Take 10 with... Dominik Vogt

Dr Dominik Vogt from the Department of Physics gives us 10 minutes of his time to discuss his research into the final frontier of the electromagnetic spectrum.

1.  Describe your research topic to us in 10 words or fewer.

Studying high quality resonators for terahertz radiation.

2.  Now explain it in everyday terms!

Terahertz (THz) radiation – frequently referred to as the final frontier of the electromagnetic spectrum – provides unique properties, rendering it an ideal platform from which to develop novel technologies. Quality control, art conservation, and spectroscopy, to name but a few, are examples where THz radiation can already outperform existing technologies. In particular, the next generation of ultra-fast WiFI will be based on THz radiation.

My research focuses on the development and investigation of resonant structures, so called microresonators, that allow confinement, enhancement and manipulation of THz radiation, contributing to the exploration of the THz frequency range.

3.  Describe some of your day-to-day research activities.

A large portion of my day-to-day research is the numerical modelling, as well as the experimental implementation and verification, of the proposed devices. Also, literature reviews, reporting our results to the community, and student supervision are important aspects of my job.

4.  What do you enjoy most about your research?

I find it hugely rewarding when an idea or concept, originally conceived on a piece of paper and subsequently tested with countless hours of numerical modelling followed by months of tweaking in the lab, is experimentally confirmed.

5.  Tell us something that has surprised you in the course of your research.

When we designed and fabricated our first high quality THz microresonator, and immediately obtained beautiful experimental results. Usually experiments don’t just 'work' like this!

6.  How have you approached any challenges you’ve faced in your research?

I think it is important to break down the challenges at hand to the smallest possible components and then gradually increase the complexity. This systematic approach helped me numerous times to address challenges that seemed unsolvable at first.

7.  What questions have emerged as a result?

Quite early into this research we had to develop a novel data analysis technique in order to be able to experimentally verify the performance of our high quality THz microresonators.
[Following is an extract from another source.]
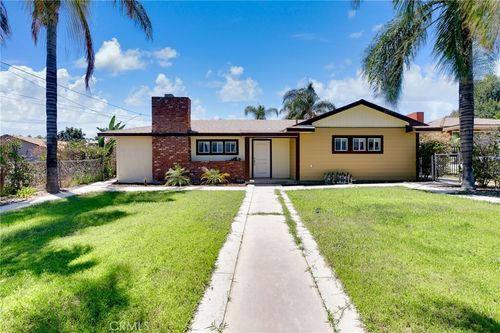 530 W C St, Colton, CA, 92324-2140 | Card Image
The questions emerging along this process were challenging, but immensely valuable for our understanding of THz spectroscopy in general.

8.  What kind of impact do you hope your research will have?
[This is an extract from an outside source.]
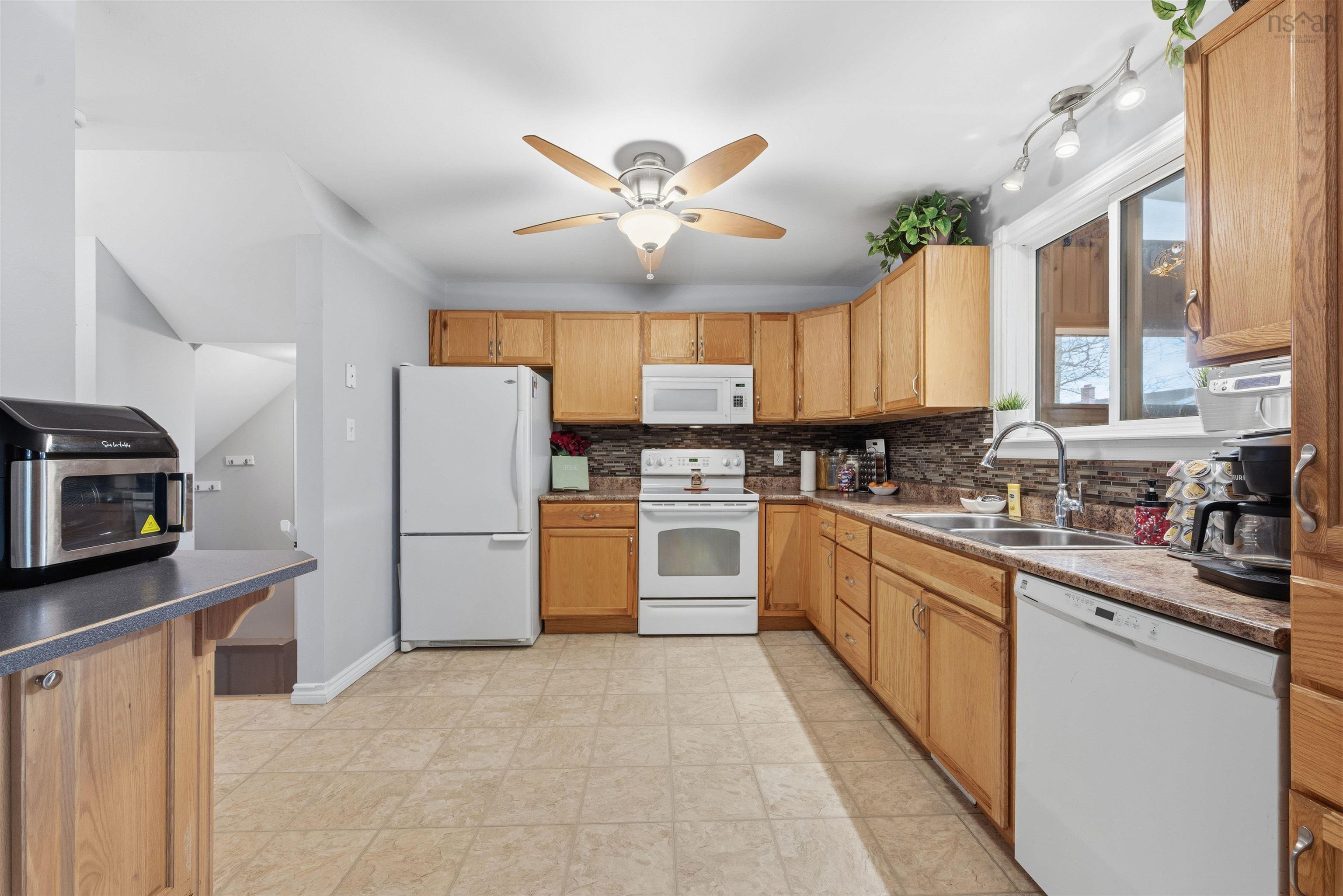 $450,000.00: 24 Roblea Drive, Dartmouth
I think the THz domain provides huge potential. My research contributes to fully utilize this potential and it is rewarding to see how other research groups in the community can build upon my research.
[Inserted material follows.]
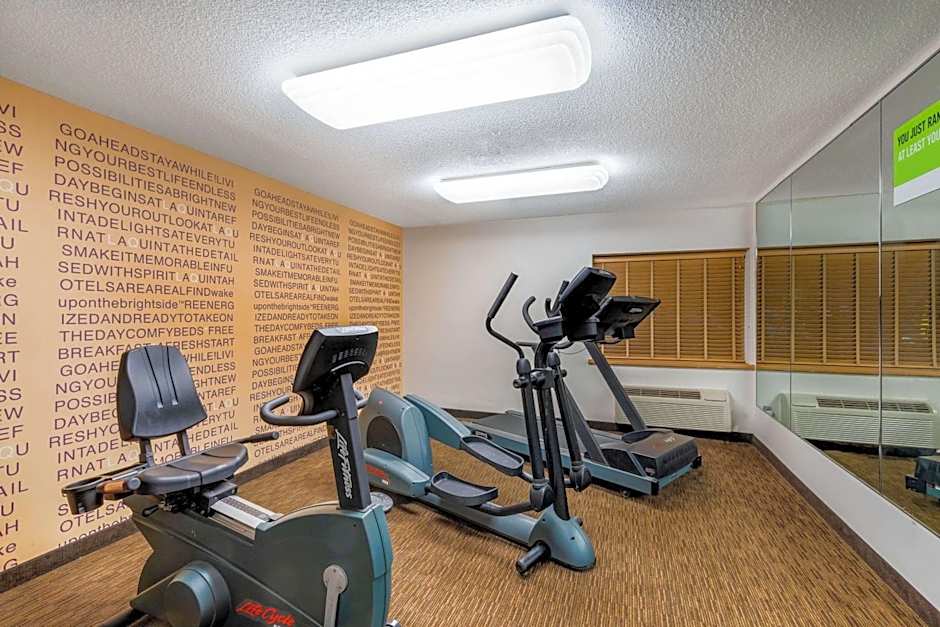 Baymont by Wyndham Meridian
9.  If you collaborate across the faculty or University, who do you work with and how does it benefit your research?

I am collaborating with colleagues in academia as well as in industry, both in New Zealand and internationally. Discussing and analysing results with collaborators provides new perspectives and ideas that can be essential for the success of the project.

10.  What one piece of advice would you give your younger, less experienced research self?

Talk to people – networking is hugely important. Also, do not hesitate to confer with colleagues; sometimes a second opinion, addressing the problem from a new perspective, can make all the difference.